I’m getting older. My free time is dwindling. I still love gaming in all forms (There’s even some decent no-limit holdem available 24×7 within 30 minutes of my house), but many of the old games I used to enjoy are looking a little weak to my older, wiser (?) eyes.
The games I’m enjoying the most these days have a few things in common:
- Bite-sized satisfaction
- A system that doesn’t get in the way of my enjoyment
- Tightly focused design
I find myself playing a lot more indie games these days (FTL, Prison Architect, Out There, Papers Please, and Goat Simulator among them). I play mostly on the PC and am only mildly frustrated that many of them don’t tax my gaming rig too heavily. So imagine my surprise that a free to play Collectible Card Game title from a AAA studio has me positively embarrassed at the amount of time it’s eating up.

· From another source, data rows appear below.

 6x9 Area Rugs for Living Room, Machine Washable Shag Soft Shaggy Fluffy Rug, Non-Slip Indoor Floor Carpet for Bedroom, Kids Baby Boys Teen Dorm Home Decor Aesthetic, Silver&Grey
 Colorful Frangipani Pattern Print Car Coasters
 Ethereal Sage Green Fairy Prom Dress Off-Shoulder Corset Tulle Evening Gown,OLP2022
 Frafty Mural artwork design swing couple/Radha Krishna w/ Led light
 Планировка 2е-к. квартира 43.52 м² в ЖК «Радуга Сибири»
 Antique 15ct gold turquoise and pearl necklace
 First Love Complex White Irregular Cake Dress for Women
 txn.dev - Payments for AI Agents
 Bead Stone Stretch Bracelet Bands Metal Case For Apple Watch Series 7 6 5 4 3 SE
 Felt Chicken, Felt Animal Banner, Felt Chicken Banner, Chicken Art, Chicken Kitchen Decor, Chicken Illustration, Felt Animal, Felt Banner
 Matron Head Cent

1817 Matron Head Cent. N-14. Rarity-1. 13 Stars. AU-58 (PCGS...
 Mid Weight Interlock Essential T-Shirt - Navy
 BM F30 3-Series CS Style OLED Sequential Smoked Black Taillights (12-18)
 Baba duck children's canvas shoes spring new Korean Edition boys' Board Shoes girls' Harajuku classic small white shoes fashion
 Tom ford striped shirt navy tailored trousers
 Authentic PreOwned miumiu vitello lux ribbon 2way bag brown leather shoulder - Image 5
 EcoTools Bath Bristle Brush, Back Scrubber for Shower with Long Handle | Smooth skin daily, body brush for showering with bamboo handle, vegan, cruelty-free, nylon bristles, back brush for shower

I will confess to a strong Magic: The Gathering addiction in my past. I left it behind along with some other destructive habits in the mid-90’s while I was cleaning up my act and becoming a reasonably productive member of society. I sold a single card for like $190 back then thinking I got a great deal and get a little sad whenever I see the value of that Unlimited Time Walk these days. I will always, however, have a soft spot in my heart for the game. It’s a fun, deep game after all. In fact, when I tried Duels of the Planeswalkers some years back at E3 I went and bought it immediately for my Xbox 360. Unfortunately, Duels helped me remember a few of the things that annoyed me about M:TG.
Blizzard, true to form, took a reasonably mature game genre and polished their entry to a mirror sheen. They polished the S- out of that M-er F-er. Here are the two main things they did that are awesome:
- Eliminated Blocking and Instants/Interrupts. Here’s the first in a pair of good posts by Luke Laurie on designing to reduce analysis paralysis. Analysis paralysis drives me nuts and ruins games for me these days, whether its mine or someone else’s. There are a couple of systems in M:TG that increase the time required to take a turn, mostly because it’s forcing you to make real-time decisions about actions you need to take during the other person’s turn. I’m speaking of Instants (used to be Instants and Interrupts, if I’m not mistaken), and Blocking. Hearthstone takes care of both of these problems using Secrets and special Minion powers. Secrets trigger on certain conditions (for example, Counterspell), many of which happen during an opponent’s turn (Like when they cast a spell, or attack with Minions). Special Minion powers such as Taunt make them work as Blockers, since Taunt Minions have to be destroyed before you can target other things with your Minions.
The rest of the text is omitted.